By Krista Kafer (email@example.com) Since putting his hat in the ring for president, Mayor Rudy Giuliani has attempted to appease pro-lifers by saying 1) he does not support taxpayer funding of abortion, 2) he is committed to appointing conservative judges, and 3) he personally opposes abortion. In a CNN interview this week, Giuliani’s true convictions came to light and they are rather the opposite of earlier placations.
Giuliani plainly admitted he supports taxpayer funding of abortion. Moreover he sees abortion as an entitlement. Giuliani told the reporter “If it would deprive someone of a constitutional right. If that's the status of the law, yes,” he supports taxpayer funding. In other words, the Constitution entitles women to abortion and if they cannot afford it, we, the taxpayers must pay for it.

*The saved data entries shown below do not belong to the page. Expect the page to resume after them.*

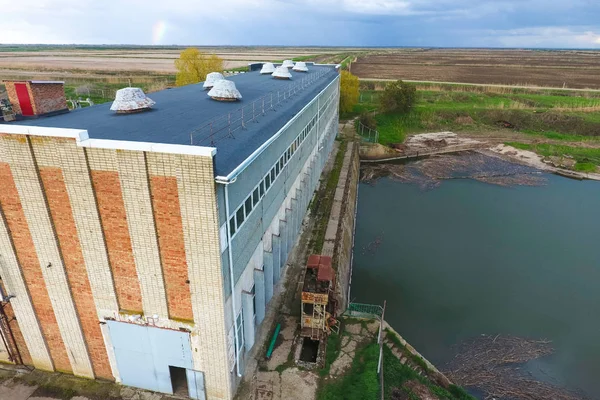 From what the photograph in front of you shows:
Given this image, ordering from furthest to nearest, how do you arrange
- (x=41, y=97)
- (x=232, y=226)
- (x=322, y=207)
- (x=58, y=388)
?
(x=322, y=207) → (x=41, y=97) → (x=58, y=388) → (x=232, y=226)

This reading of the Constitution is diametrically opposed to that of conservative judges, the kind that Giuliani promises to appoint. Conservative judges believe in inaliable or natural rights not entitlements. They believe as did the writers of the Constitution, that individual rights – namely life, liberty, and property come from God. The purpose of government is to protect natural rights - not to confer additional rights or entitlements. Entitlements are opposed to natural rights. In order to entitle one individual to a good or service, the government must deprive another of their property rights to pay for it.

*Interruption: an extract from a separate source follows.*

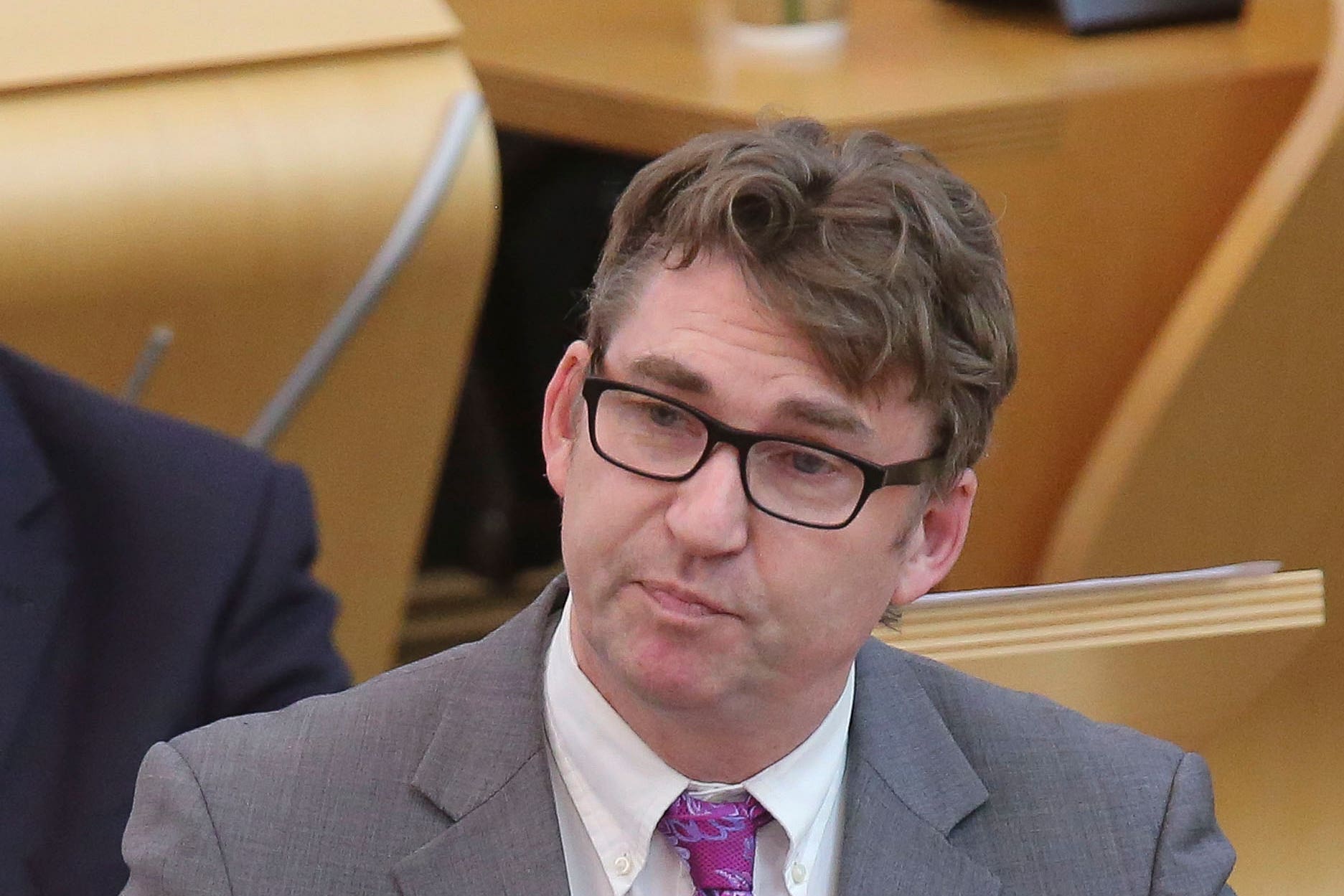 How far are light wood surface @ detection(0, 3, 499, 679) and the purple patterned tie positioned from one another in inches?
32.6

Given his support for entitlements, Giuliani is likely to appoint activist judges who share his view of the Constitution and will work to secure additional entitlements rather than uphold natural rights.
The CNN interview exposed another attitude at odds with conservative jurisprudence – legal positivism. Giuliani said he supports taxpayer funding of abortion “If that's the status of the law...” In other words, as long as abortion is deemed constitutional, he’ll support taxpayer funding for it. In the positivist view, law is divorced from its moral underpinnings. A positivist never questions whether the law is just, he merely enforces it, however unjust or arbitrary.

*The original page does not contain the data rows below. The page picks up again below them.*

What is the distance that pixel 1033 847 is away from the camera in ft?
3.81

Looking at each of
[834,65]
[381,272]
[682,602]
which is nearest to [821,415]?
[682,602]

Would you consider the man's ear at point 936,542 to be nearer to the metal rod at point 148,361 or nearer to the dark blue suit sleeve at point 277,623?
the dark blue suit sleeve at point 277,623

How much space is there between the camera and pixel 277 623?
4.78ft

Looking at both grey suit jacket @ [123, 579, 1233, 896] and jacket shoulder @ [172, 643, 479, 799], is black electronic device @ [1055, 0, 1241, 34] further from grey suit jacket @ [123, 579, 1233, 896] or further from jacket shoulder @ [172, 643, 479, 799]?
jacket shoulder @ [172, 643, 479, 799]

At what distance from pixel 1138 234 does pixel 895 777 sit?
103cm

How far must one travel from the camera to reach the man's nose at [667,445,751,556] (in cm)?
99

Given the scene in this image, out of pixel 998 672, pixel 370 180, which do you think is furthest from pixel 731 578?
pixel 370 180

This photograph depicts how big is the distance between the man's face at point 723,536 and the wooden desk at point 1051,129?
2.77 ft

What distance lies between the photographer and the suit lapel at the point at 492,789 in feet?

Senator Stephen Douglas, for example, though he personally disliked slavery, supported the Dred Scott Decision, because the court had ruled it so. In the positivist view, human rights are not inalienable, they are given by the state which can take them away just as easily. The positivist judges Giuliani will likely appoint will not only uphold Roe v Wade denying the God-given right to life, but may deny other constitutionally-protected rights as well.
It does not matter that Giuliani says he “hates abortion” – a hollow sentiment indeed. If abortion is not the taking of a human life, what’s to hate? If not a child, than the procedure is no more hate-worthy than bunion surgery. If, however, it is a human life, then there is a moral and legal obligation to protect it. Like Douglas, Giuliani lacks a commitment to alienable human rights, a deficiency no amount of personal discomfort can allay.
The millions Giuliani will spend of our money to fund abortion while he is in office will be the least of his legacy. His judges, who like him deny natural rights in favor of entitlements and positivism, will do damage to the nation long after Giuliani has left office.